* _PROBLEM STATEMENT_: The line with "Fumana ericifolia", the line with "Первая прогулка после длительного лечения", and all lines between them in the material below: return these exactly, and no others.
*** Opening SUPPLIED DATA ***
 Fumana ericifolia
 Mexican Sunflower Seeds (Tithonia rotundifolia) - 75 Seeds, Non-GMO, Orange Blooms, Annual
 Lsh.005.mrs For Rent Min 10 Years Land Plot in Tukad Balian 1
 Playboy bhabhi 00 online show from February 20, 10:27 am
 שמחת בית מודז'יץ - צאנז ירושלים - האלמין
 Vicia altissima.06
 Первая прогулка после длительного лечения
*** Closing SUPPLIED DATA ***
*** Opening SUPPLIED DATA ***
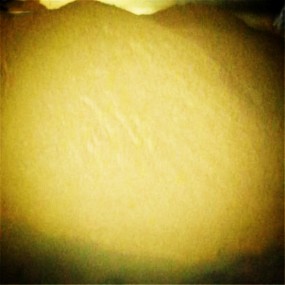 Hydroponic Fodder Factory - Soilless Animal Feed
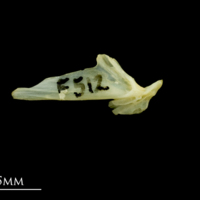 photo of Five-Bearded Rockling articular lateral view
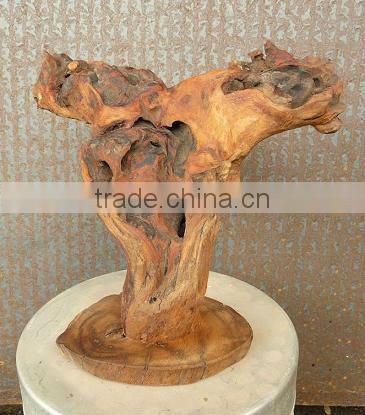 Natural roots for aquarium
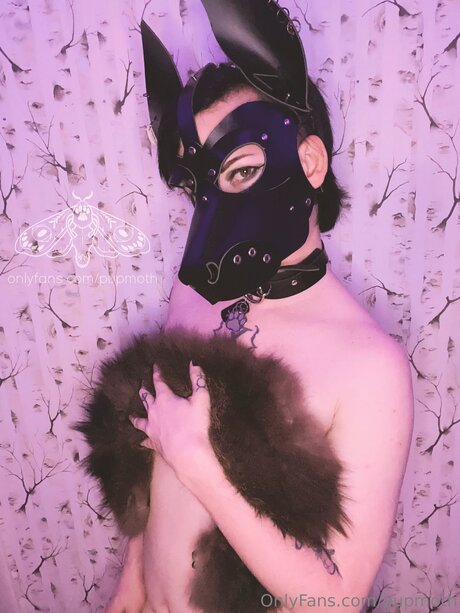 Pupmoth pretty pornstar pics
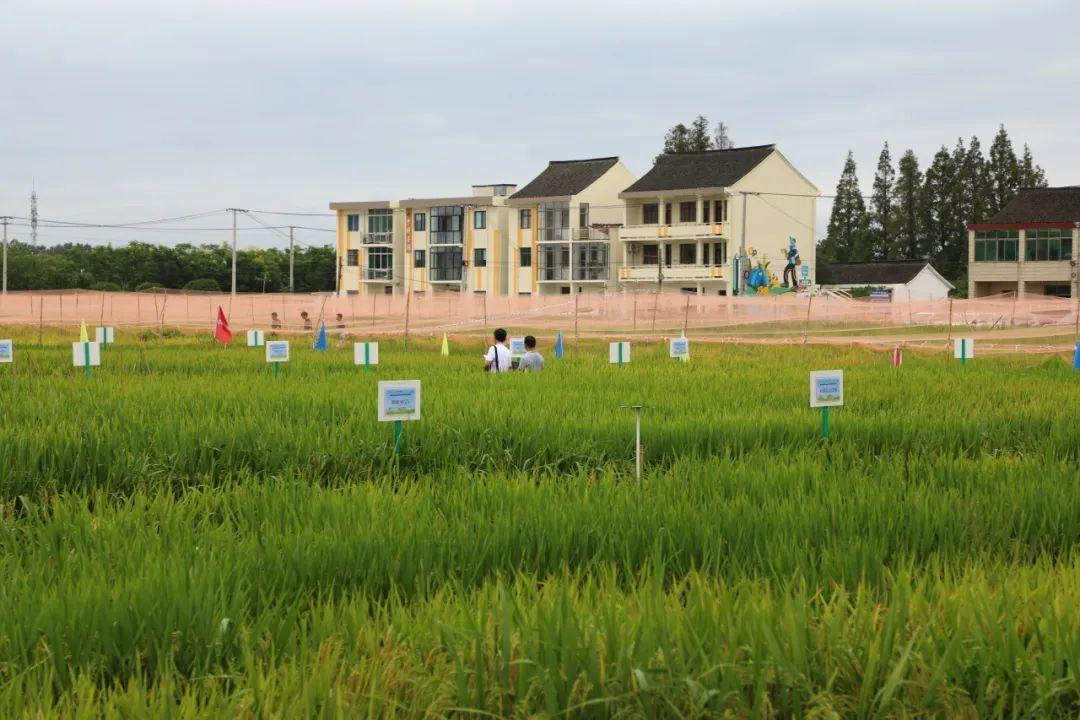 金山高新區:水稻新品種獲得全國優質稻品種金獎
*** Closing SUPPLIED DATA ***
* _SOLUTION_:
 Fumana ericifolia
 Mexican Sunflower Seeds (Tithonia rotundifolia) - 75 Seeds, Non-GMO, Orange Blooms, Annual
 Lsh.005.mrs For Rent Min 10 Years Land Plot in Tukad Balian 1
 Playboy bhabhi 00 online show from February 20, 10:27 am
 שמחת בית מודז'יץ - צאנז ירושלים - האלמין
 Vicia altissima.06
 Первая прогулка после длительного лечения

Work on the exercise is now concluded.